REPUBLIKA.CO.ID, SEOUL -- Permintaan garam laut di Korea Selatan (Korsel) melonjak setelah Jepang mengumumkan akan membuang limbah Pembangkit Listrik Tenaga Nuklir (PLTN) Fukushima ke laut musim panas ini. Para konsumen Korsel juga membeli banyak boga bahari karena khawatir pasokan akan berkurang.
Pihak berwenang pernelayanan Korsel berjanji meningkatkan pengawasan pada pertanian garam laut untuk mengawasi adanya peningkatan zat radioaktif dan melarang boga bahari dari perairan dekat Fukushima. Namun, langkah itu tidak menghentikan masyarakat membeli melebihi yang mereka butuhkan.

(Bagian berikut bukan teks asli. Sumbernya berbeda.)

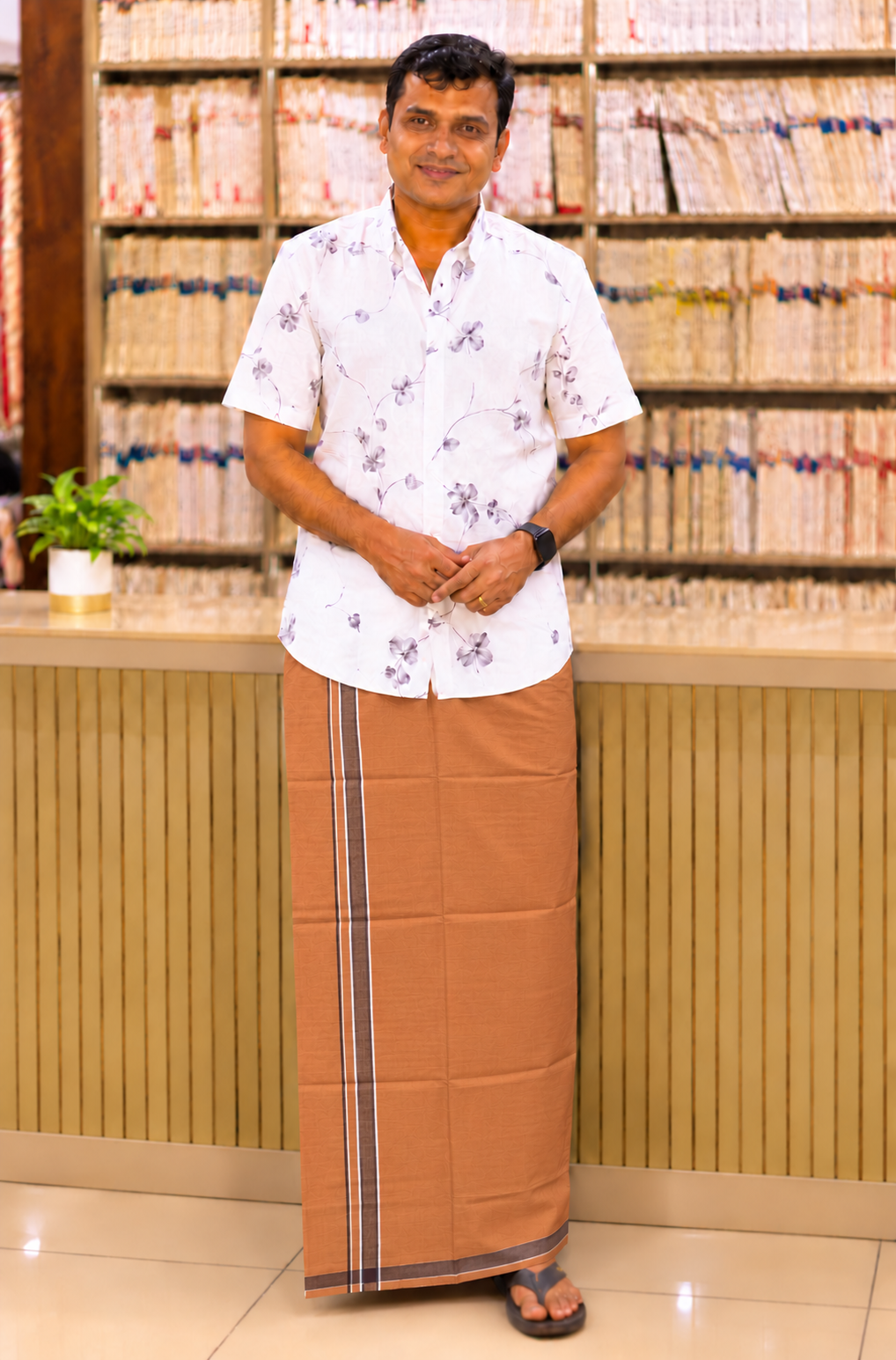 KAVI MUNDU COTTON PLAIN BLACK KARA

"Saya khawatir pembuangan limbah tidak hanya dapat mengontaminasi (laut) dan menimbulkan masalah kesehatan, tapi juga menaikkan harga garam dan boga bahari," kata konsumen di pasar tradisional di Seoul, Park Young-sil, Sabtu (10/6/2023).
Ketika Seoul dan Tokyo mempererat hubungan untuk memulihkan hubungan yang retak beberapa tahun terakhir. Jepang berencana membuang lebih dari satu juta ton air terkontaminasi dari PLTN Fukushima sambil mempertahankan hubungan baik dengan negara tetangga.
Jajak pendapat Research View bulan lalu menemukan lebih dari 85 persen masyarakat Korsel menolak rencana Jepang. Tujuh dari 10 orang mengatakan, mereka akan mengurangi konsumsi boga bahari bila limbah nuklir itu tetap dibuang.
Pemilik toko garam di Seoul, Hyun Yong-gil, mengatakan penjualannya naik 40 persen sampai 50 persen akhir-akhir ini. Sementara harga terus naik.
"Akhir-akhir ini kami mendapat lebih banyak konsumen dari biasanya dan banyak dari mereka tampaknya khawatir mengenai rencana pembuangan air limbah," katanya.
Kementerian Kelautan dan Perikanan Korsel mengumumkan pada pekan pertama bulan Juni harga garam laut naik hampir 27 persen dibandingkan dua bulan yang lalu. Namun, kementerian mengatakan, kenaikan dipicu karena cuaca buruk dan turunnya produksi, bukan pembelian panik masyarakat.
"Dengan musim hujan yang panjang selama musim semi, kecemasan para produsen semakin tumbuh," ujar kementerian dalam pernyataannya Selasa (6/6/2023) lalu.